Speaking of his own argument, Bostrom thinks that the chances are pretty equal between the three statements. Another renowned Philosopher, David Chalmers, puts the odds of us living in a simulated world at 20%.
One the other hand, Elon Musk thinks the odds of us living in the “real world” — base reality — are less than one in a billion. And NASA scientist Rich Terrile says it is “extraordinarily unlikely” that we aren’t living in a simulated world.
What Are the Implications?
Imagine that somehow we discovered that we were living in a simulated world. Bostrom believes that this shouldn’t change our lives too much. We can continue to learn about our (simulated) world through scientific investigation. Our feelings and experiences will largely remain the same.
But there would be an undertone to our lives that would change. We would now have a secular version of a “creator”, and we could start trying to understand the “motives of the simulators”. We would have a different understanding of our place in the world — just like what happened when Copernicus discovered that the Earth was not the center of the universe.

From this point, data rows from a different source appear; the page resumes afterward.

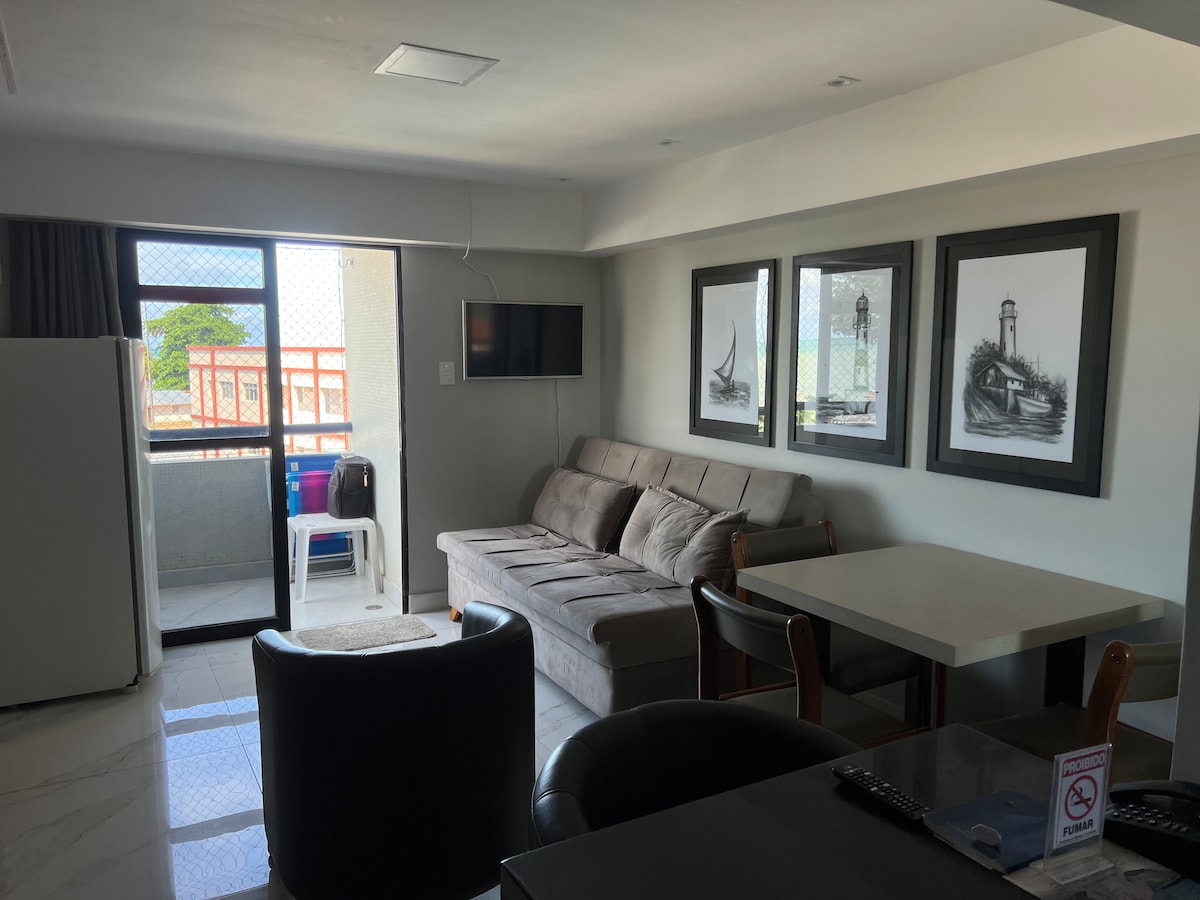 A comfortable living area is observed, featuring a spacious sofa and a dining table with chairs. Natural light enters through a balcony door, complemented by framed artworks on the wall. A flat-screen television is mounted nearby, providing convenient entertainment options.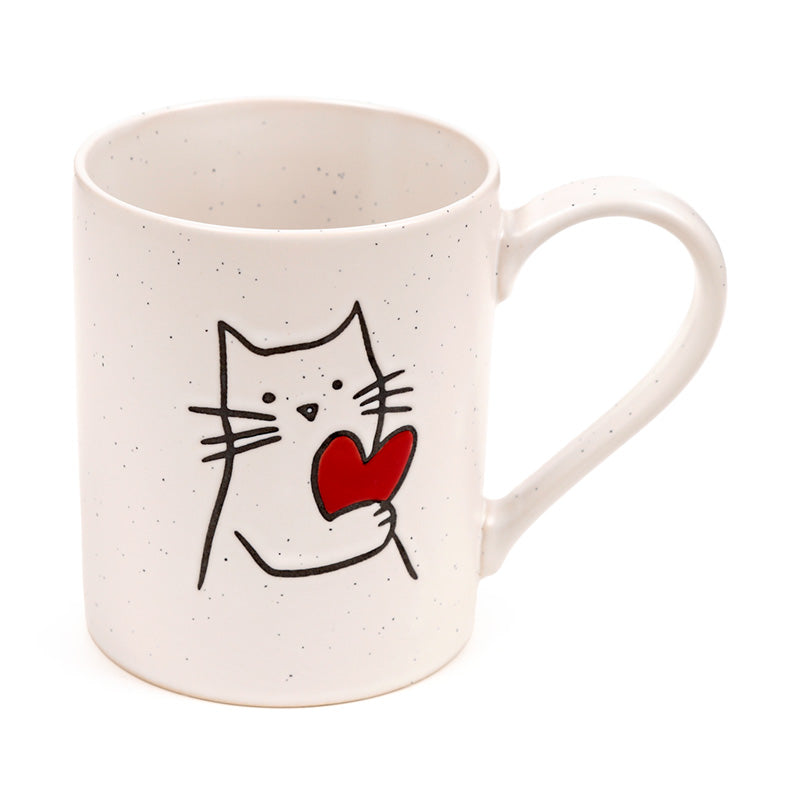 Close-up of the cat design on the stoneware mug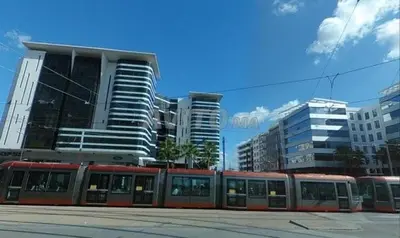 a train on a street in a city with buildings at Heart of Casablanca - Tramway in Casablanca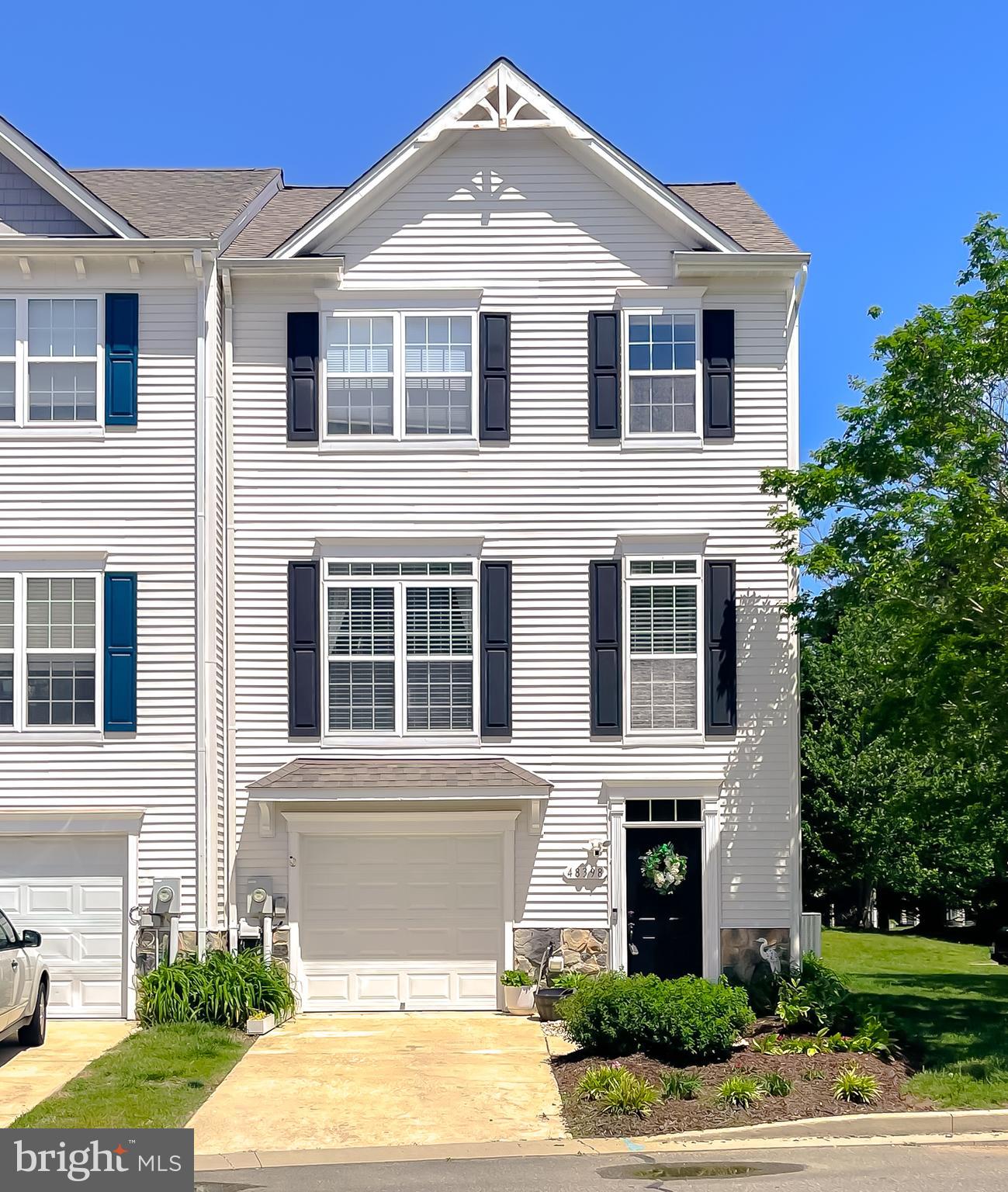 Welcome home, where exquisite water views draw you immediately to this lovely end unit town home! Enter at the ground level, where LVP flooring and an open foyer invite you in to this charming home. Wander through to the expansive hobby room/fourth bedroom, which is a crafter's paradise. This level also features a 1/2 bath and laundry area as well as the single car garage. The mid-level is the entertaining space. The bright living room opens nicely to the kitchen, sitting area and bar, with hardwood flooring flowing throughout. Granite counters, tall maple cabinets, stainless steel appliances and beautiful water-views make this area ideal. The wood burning fireplace adds the perfect ambiance, whether whipping up a delicious meal or sitting quietly reading a book. Step outside on the deck to unwind after a long day and listen to the waves of the Chesapeake Bay lap ashore to the communities private beach. The upstairs has two guest bedrooms and a newly renovated hall bath. The owner's suite, with its exquisite water views, has a generous walk in closet and newly renovated private bath. The lower level outside space is private and can be enjoyed from the covered patio, a perfect spot for gardening or relaxing in a hammock. This lovely well-maintained home has lots of updates and improvements to include a new garage door (2017), new s/s appliances w/gas range ( 2018), new roof (2020), new hvac (2021), new washer and dryer (2023), new refrigerator (2024), as well as replacing 11 sealed window units, new mirrors, flooring and vanity fixtures in full bathrooms. Less than five minutes to PAX Gate 3, dining and shopping as well a short two minute walk to the private community beach this lovely home provides the essence of waterfront living. Come out to visit soon and make this one your new home just in time for warm weather!!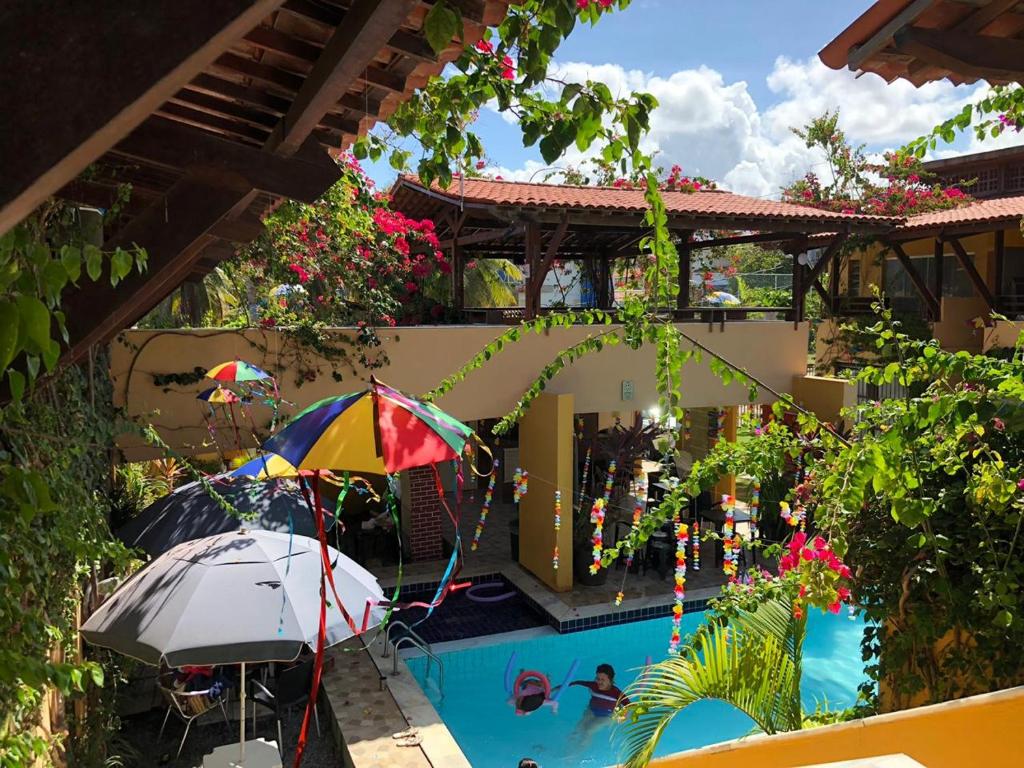 a pool with an umbrella and people in a swimming pool at Ap Beirar Mar com Piscina in Cabo de Santo Agostinho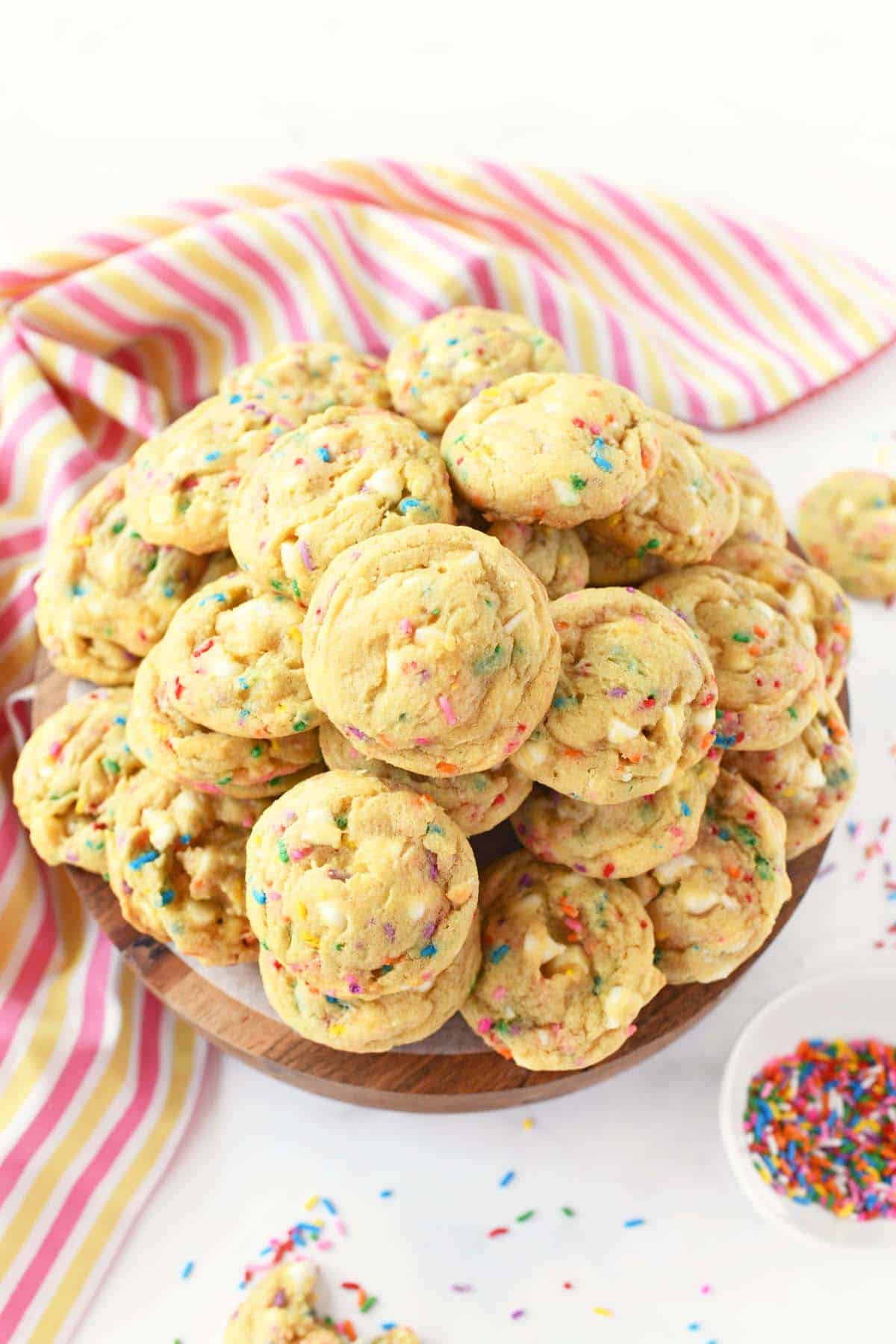 Sprinkle cookies on a tray with a pink and yellow napkins.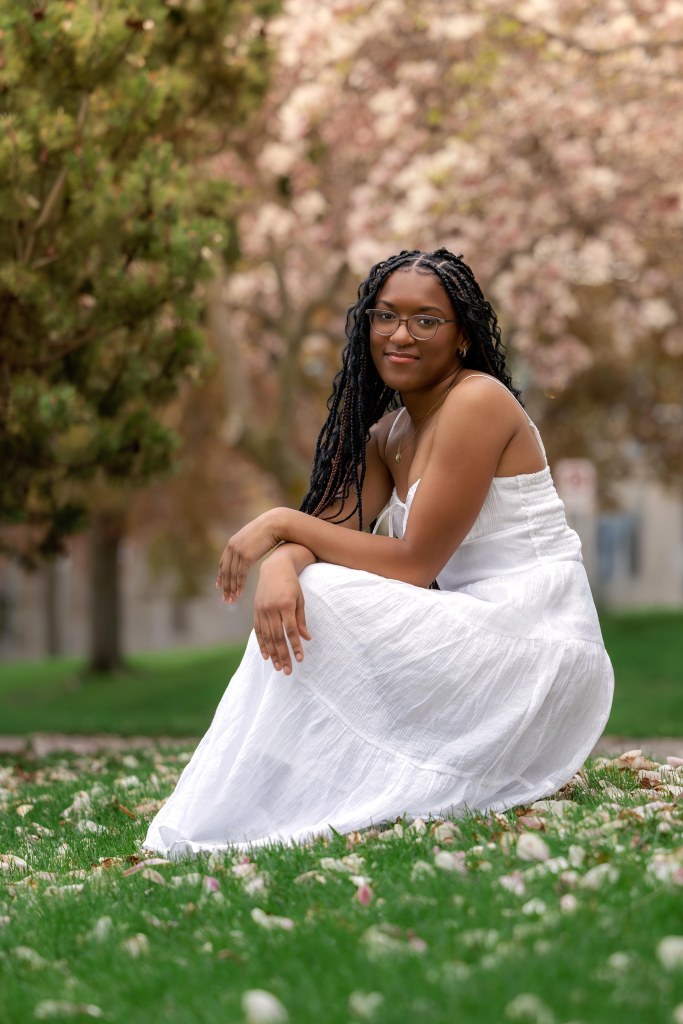Senior photography session under flowering trees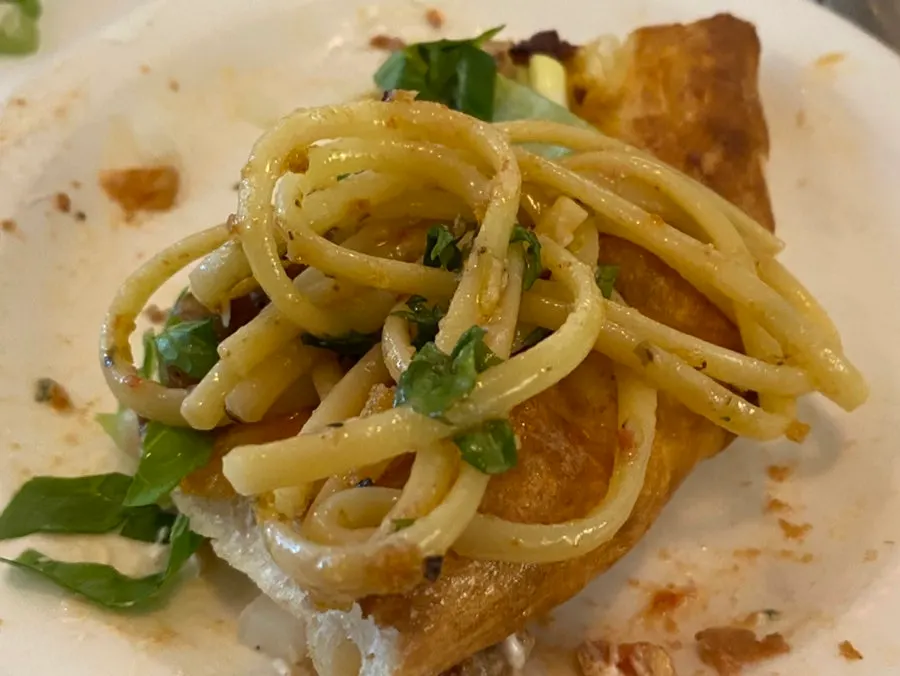 The pizza and pasta spread eaten as a hangover cure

An element of hope would be introduced. We could at last have the scientific possibility of an afterlife. Perhaps in death, we could continue our life in a new simulation (as was the premise of a Black Mirror episode).
Where to Go From Here
The simulation argument is little more than a philosophical thought experiment that’s managed to capture people’s attention. But whichever side of the fence you fall on depends on which of those statements you feel is most likely to be true.
No matter which you decide on though, there’s very little we can do about it. Whether that’s a good thing or a bad thing is open to debate.
Yet if the time ever comes for us to turn on our own simulation, thereby creating conscious, simulated people who do not know they are simulated, we have instantly shown (1) and (2) to be false. This leaves (3) to be the only option: that we are almost certainly in a simulation, too.
What do you think? Are thought experiments like this a waste of time, or is this argument actually on to something?